Review: Judy Moody and the Not Bummer Summer

Crap figures prominently throughout Judy Moody and the Not Bummer Summer.

Judy Moody and the Not Bummer Summer

Crap figures prominently throughout Judy Moody and the Not Bummer Summer. It’s also one way of describing this adaptation of the Megan McDonald book series whose protagonist, as played by Jordana Beatty, seems destined for a lifetime of servitude to the pipe or, at the very least, the whims of a roomful of cats. While her brother Stink (Paris Mosteller) hunts for Bigfoot using peanut butter and the creature’s own doo-doo, the girl locks herself inside her eyesore of a bedroom after two of her besties hightail it out of town for the summer, one to circus camp, the other to Borneo, thus squashing Judy’s obsessive-compulsive desire to micromanage school’s three-month timeout with a chart of itemized “dares.” Dad’s eccentric sister, Opal (Heather Graham), who appears to share a significant portion of the girl’s bug-eyed genome, lures Judy out of her kaleidoscope of doom and convinces her to live it up outside, but the tween’s fun is quickly thwarted at every turn—by a face full of blue upchuck, a shit sandwich, a galling imitation of a zombie film that would have been deemed outdated even in the ‘50s, and Steve Urkel.

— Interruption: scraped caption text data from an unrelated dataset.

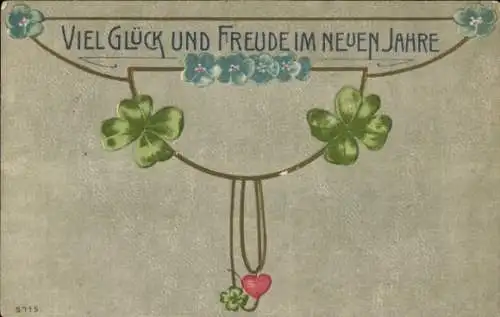 Präge Ak Fröhliches Neujahr, Kleeblätter, Vergissmeinnicht, Herz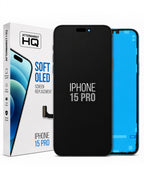Aftermarket HQ iPhone 15 Pro screen replacement kit, showing the black replacement LCD panel, the blue back glass, and the white retail packaging box.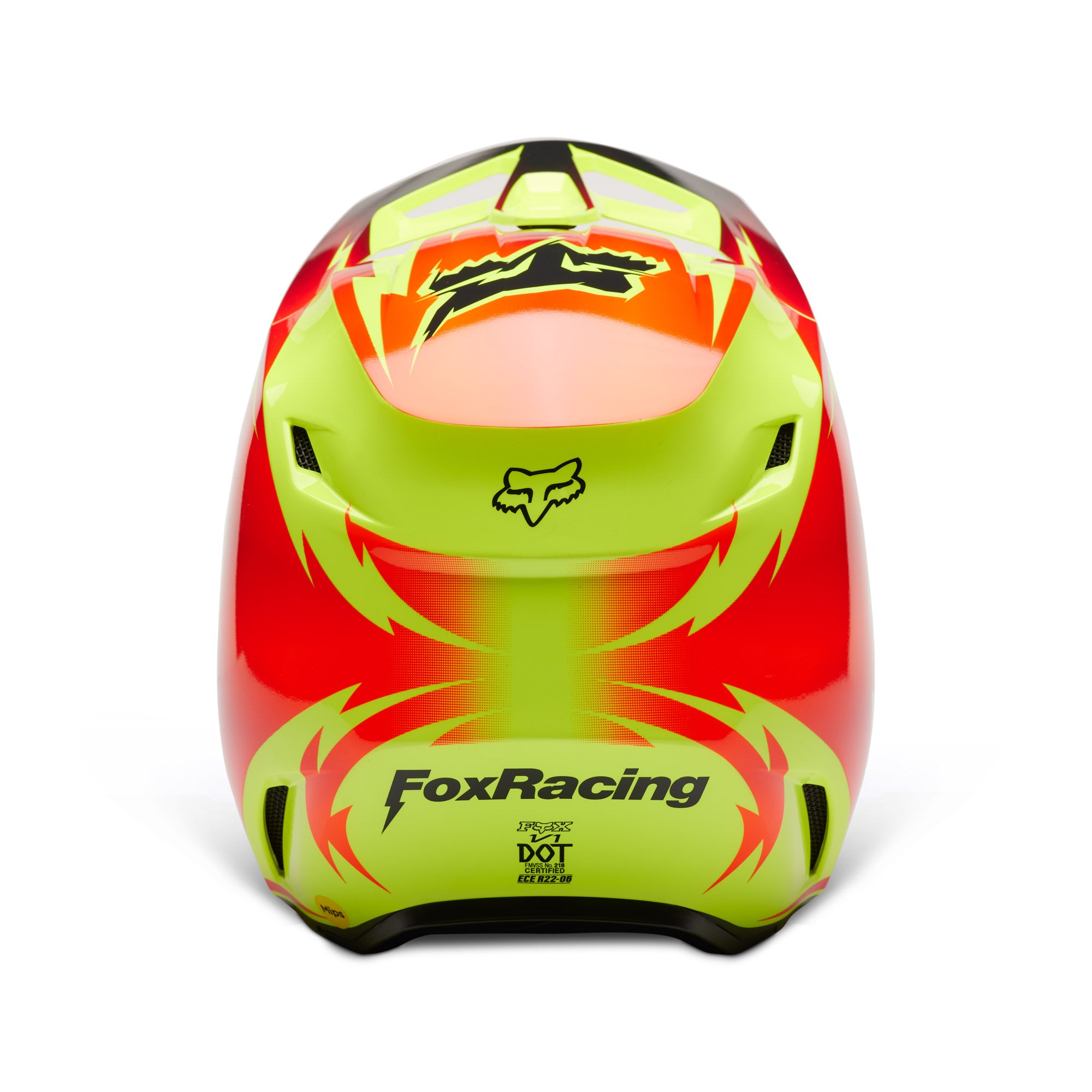 Fox Racing  Youth V1 Statk Helmet Lightweight Ventilated Steel D-Ring FMVSS 218 Red Yellow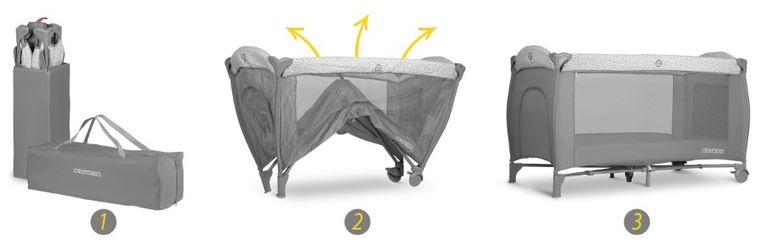 Ricokids, łóżeczko turystyczne z materacem i torbą, jasnoszare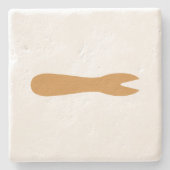 魚とチップスショップ木製フォーク ストーンコースター (正面)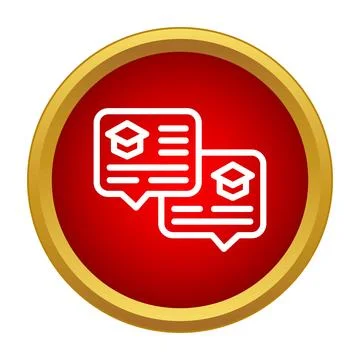 Online education learning chat messaging icon design Stock Illustration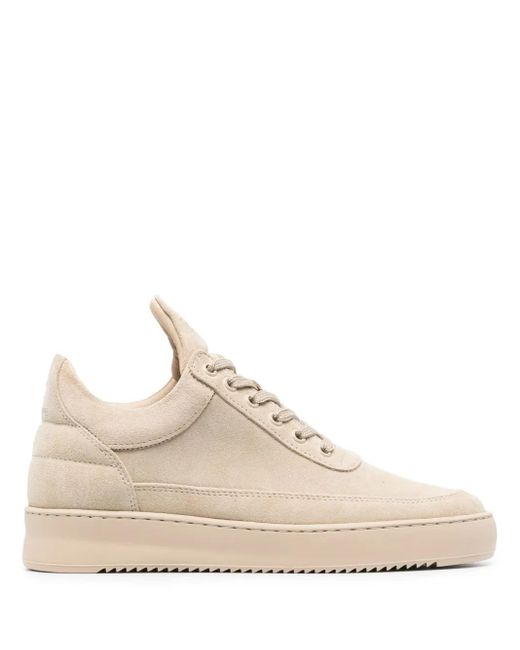 Filling Pieces Natural Logo-Embroidered Suede Sneakers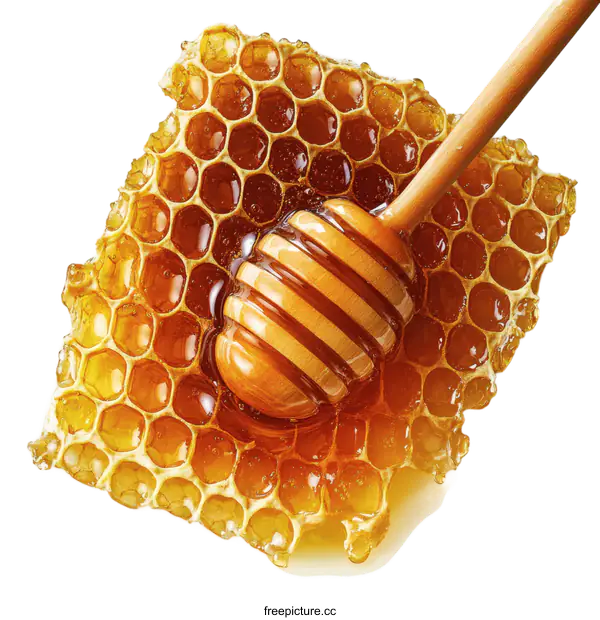 [Transparent Background PNG]Honeycomb and Honey Dipper Close-up
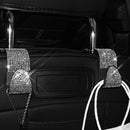 Car Back Seat Hook Rhinestones Handbag Auto Headrest Hanger Holder (White) Newly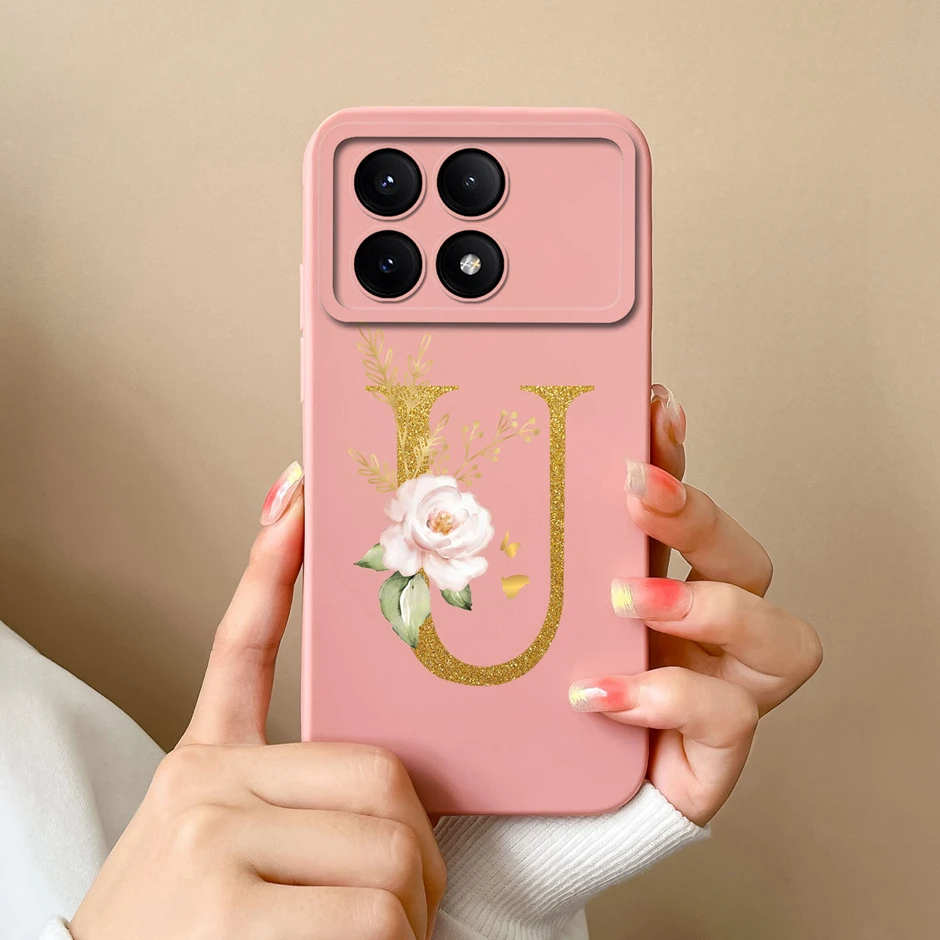 Case For Xiaomi Poco X6 Pro 5G Art Flower 26 Letters Silicone Soft TPU Shockproof Cover For Xiaomi PocoX6 Fanda PocoX6Pro Bumper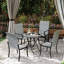 Ensemble de 4 chaises de salle à manger d'extérieur en osier, chaises de patio à haut dossier et accoudoirs profonds, salle à manger avec balcon au bord de la piscine-1550329807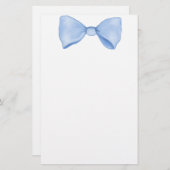 Einfache Wasserfarbe Baby Blue Bow Briefpapier (Vorne/Hinten)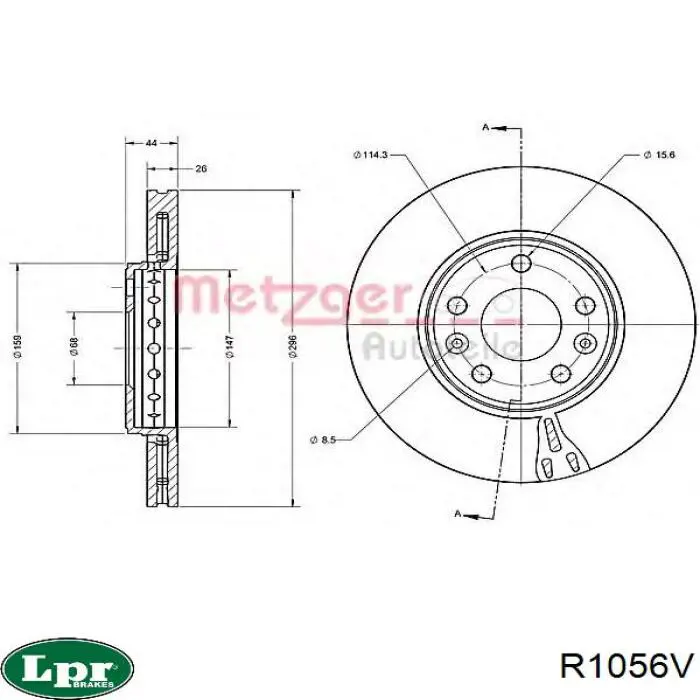 Disco de freno delantero LPR R1056V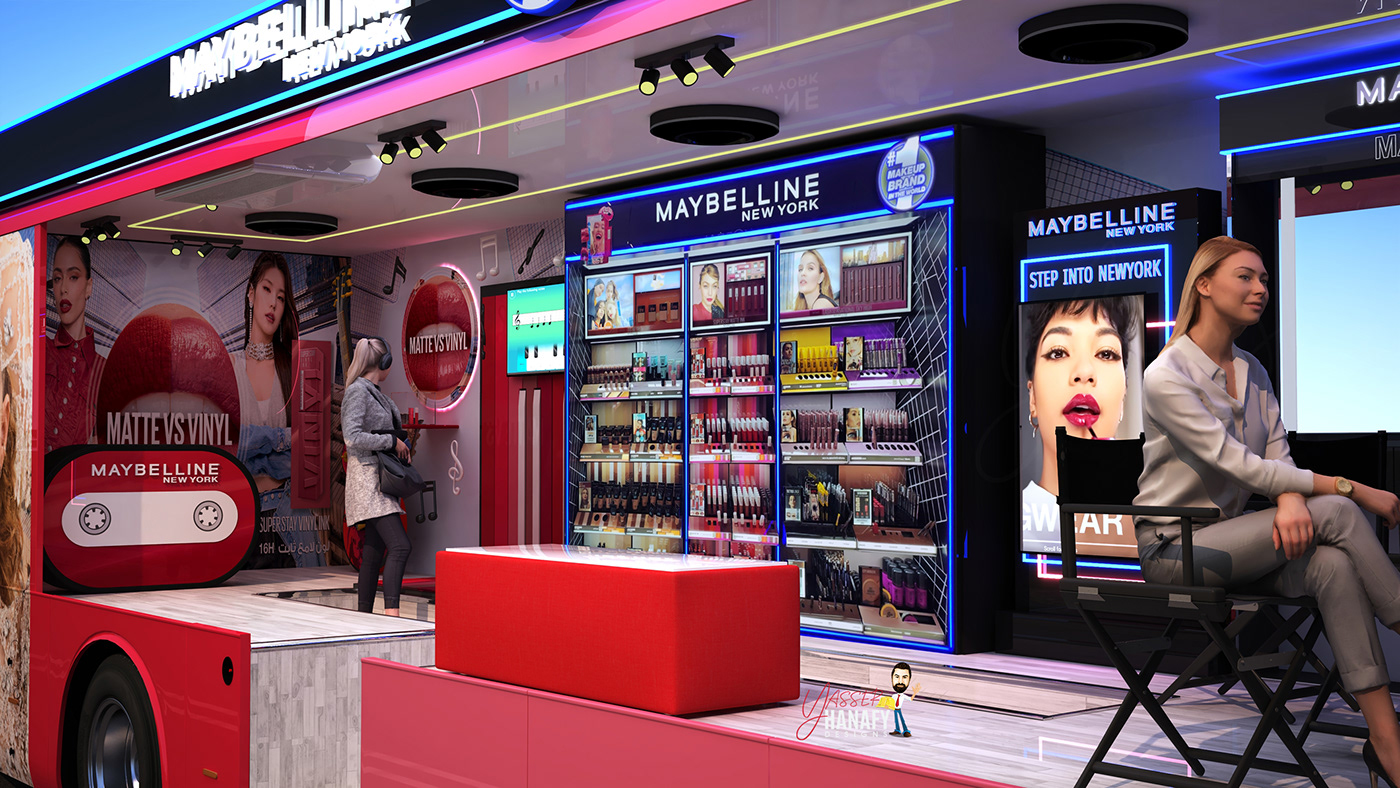 Maybelline vinyl music makeup beauty store salon Roadshow bus yasser hanafy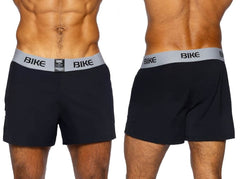 Black bike athletic bam216 jock shorts with gray waistband and black bike logo in breathable fabric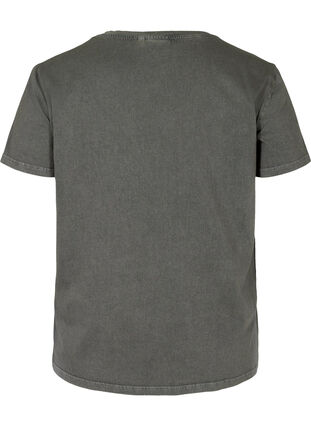 T-shirt met acid wash, korte mouwen en print, Dark grey acid wash, Packshot image number 1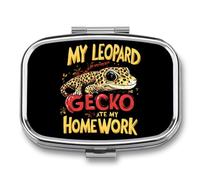 My Leopard Gecko Ate My Homework Travel Pill Organizer with Mirror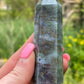Moss Agate Tower: Crystal Point Gift (3.4in)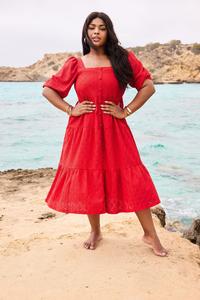 Английское платье-рубашка с застежкой на пуговицы Yours, красный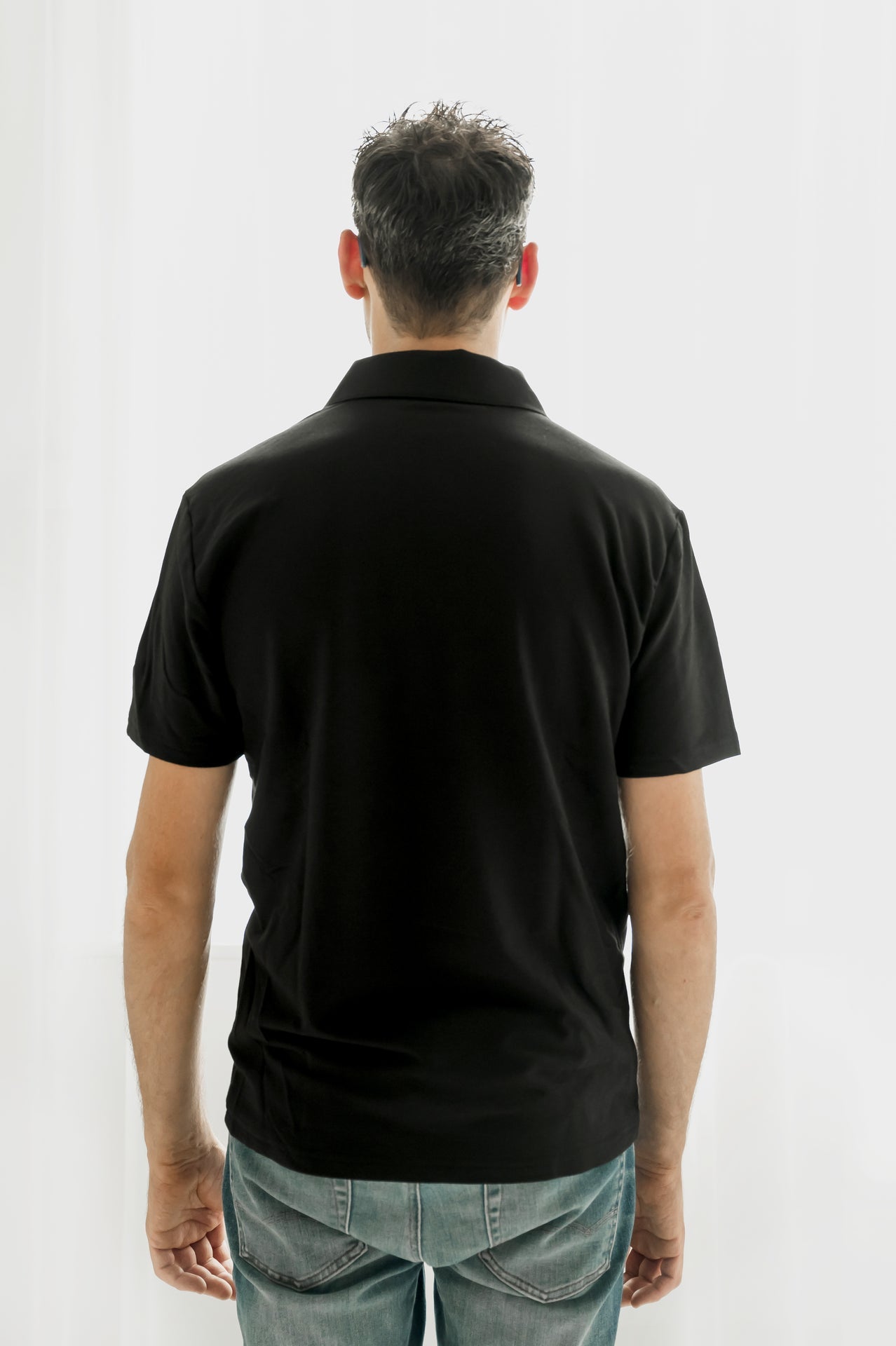 Polo Jordan noir à manche courte en bambou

Kids today. But wait, does anyone, other than M.I.A. perhaps, rely so heavily and stridently as Judy does on an acronym-heavy parlance? (Half of the film’s running time, via smug asides and glittery on-screen text, seems devoted to translating for us, the great unwashed, the ABC’s of Judy’s secret language, like “ABC’s”—which is to say, the “already been chewed” sludge of food that Stink tosses around in his mouth while talking to his older sis.) This third-grade, possibly Ritalin-added ghoul, whose ingenuity as an interior designer implies she owns Milton Bradley’s Mouse Trap (unlikely) or highly regards Pee-wee’s Big Adventure (possibly), is not preferable to your average Beiber fan, whose sycophantic behavior at least feels recognizably human.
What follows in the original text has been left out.